I am not sure where my hon. Friend's argument is going. He seems to be arguing that people should set out a narrative because he wants them to talk to the police. However, that does not necessarily mean that what they say will have the evidential value sought in the new clause. In his example, the girl did not talk, but had she done so, she would have been talking for the purpose of convicting herself, not the other two. There is a confusion in that regard.
I respect my hon. Friend's point. The thrust of what I am saying is that I want there to be an incentive on the individuals responsible for the care of the child to co-operate with the police and the prosecuting authorities in giving an account. In the present situation, there is a disincentive to co-operate, and the law does not deal successfully with that most serious matter.
The hon. Member for Beaconsfield coherently and skilfully set out the arguments against the new clause, but the proposed change in the law would have a restricted application in the limited circumstances set out in subsection (5). I pray in aid my hon. Friend's point that we want the information to go before a jury so that they can make an assessment in the light of any caveats and guidance from the judge.

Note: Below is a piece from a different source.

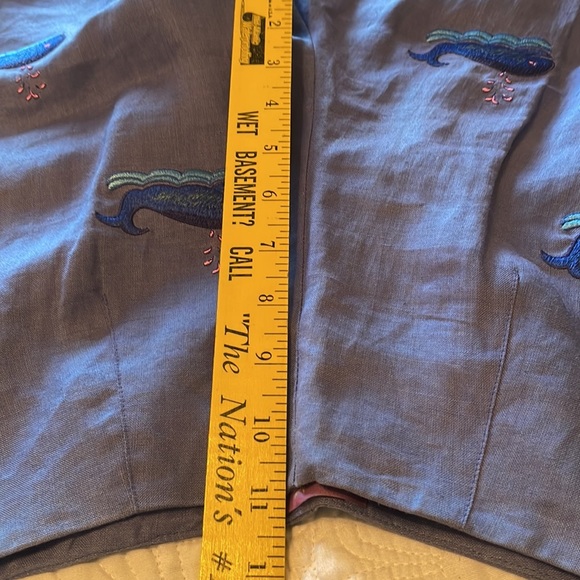 CJ Laing Preppy Mid Rise Blue Crops with Embroidered Wales Size 2 - Picture 6 of 6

We must improve the law. Given the gravity of these cases, and the number of the most vulnerable members of our society who are killed because of defects in the law, action is needed. That is why I subscribed to the new clause. Against all my natural inclinations, I believe that that was the right thing to do.
We have had an interesting debate, thanks to colleagues who are learned in the law. I am grateful to the hon. and learned Member for Redcar for tabling the new clause.
It is a common view that infanticide is a particularly repugnant crime. There is clearly great cause for concern given the huge disparity between the number of successful prosecutions in cases where the death of a child is reasonably assumed to have been at the hands of a person who had charge of him, and those where it was at the hands of a stranger, for which the conviction rate is much higher.
We need to improve the way in which we deal with several issues. The law is one, but there are others. The disparities between different investigatory authorities around the country are a matter of concern, and there is scope for better protocols for the investigation and preparation of cases. There are undoubtedly issues about expert witnesses, which is perhaps the other side of the coin. Recent cases have given us serious cause for concern about the credentials of such witnesses in cases of child death. There is concern about whether they are properly qualified to provide the evidence that is marshalled in prosecution and defence cases.
I return, however, to the perceived lacuna. The hon. Member for Beaconsfield dwelt on matters of mitigation, but whatever case may be made in mitigation, it is a matter of concern if no successful prosecution is concluded after a crime has clearly been committed, for which the evidence is the death or serious injury of a child, and the perpetrator can only be one or all of a limited number of people who had charge of the child.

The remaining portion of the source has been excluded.